Mr & Mrs Evans, (the Borrowers) had taken out a loan in 2004 to purchase a property (the 2004 loan) which was secured by way of legal charge (the Charge) against the property. The charge was registered against the Property’s registered title in favour of the Lender and a mortgage account number was issued for the 2004 Loan.

In 2005 the Borrowers took out a further loan (2005 Loan) to consolidate their borrowings. The 2004 Loan was subsequently redeemed by the 2005 Loan and a new mortgage account number was issued. The Charge remained on the registered title and no new entry was made at the Land Registry in respect of the 2005 Loan.

The Borrowers presented bankruptcy petitions to the court in 2007 to which the 2005 Loan was considered (and was the common intention of all the parties) as a ‘secured mortgage’. For the next 6 years the Borrowers continued to repay the 2005 Loan following their discharges from bankruptcy.

In 2014 the Borrowers solicitor wrote to the Lender using the 2004 Loan account number and requested that the charge be removed from the registered title as it had been redeemed in 2005; there was no reference of the 2005 Loan.  The Lender checked its systems which showed that the 2004 Loan had been repaid, so an electronic discharge was issued by the Lender to the Land Registry to remove the Charge from the register. Unfortunately the Lender’s system did not flag up the subsequent 2005 Loan at the time of checking. Upon realising the mistake the Lender sought to rectify the situation and reinstate the charge against the Property’s title register.

Decision:

The High Court held that on the facts the charge was clearly an ‘all monies’ charge which meant that it secured all amounts which the Borrowers owed to the lender under any arrangements; including any future borrowings.  On this basis the 2005 Loan was secured by the Charge.

It was further held that the discharge should be set aside for mistake because the Lender thought it was obliged to release the charge as the 2004 Loan had been redeemed leaving nothing further to be secured. The Lender’s mistake was as a result of the solicitors letter received in 2014 as it did not make any reference to the 2005 Loan. Further, should the discharge not be set aside then the Lender would lose it’s security for the 2005 Loan and the borrowers would be left with a unencumbered property which was never the intention of the parties; this was further evidenced through the bankruptcy petitions.
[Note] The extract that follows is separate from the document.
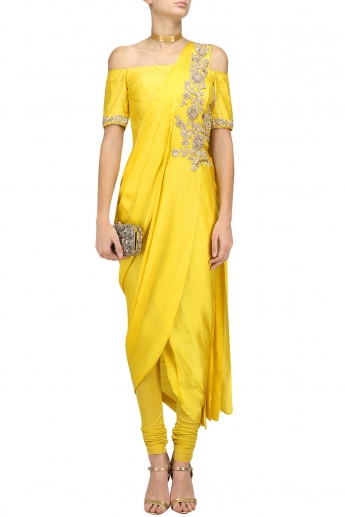 Yellow Color Dhoti Saree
In light of the above the Lender was entitled to rectification of the register and the charge was reinstated in favour of the Lender.

Comment:

This recent case provides a useful reminder for Lenders to ensure that their systems are up to date and more importantly for them to show any further borrowings which may be secured by any previous ‘all monies’ charges.

It should also prompt solicitors and borrowers to ensure that as much information is supplied as possible (including quoting all mortgage account details) when dealing with the discharge of registered charges with Lenders; especially when dealing with the Land Registry.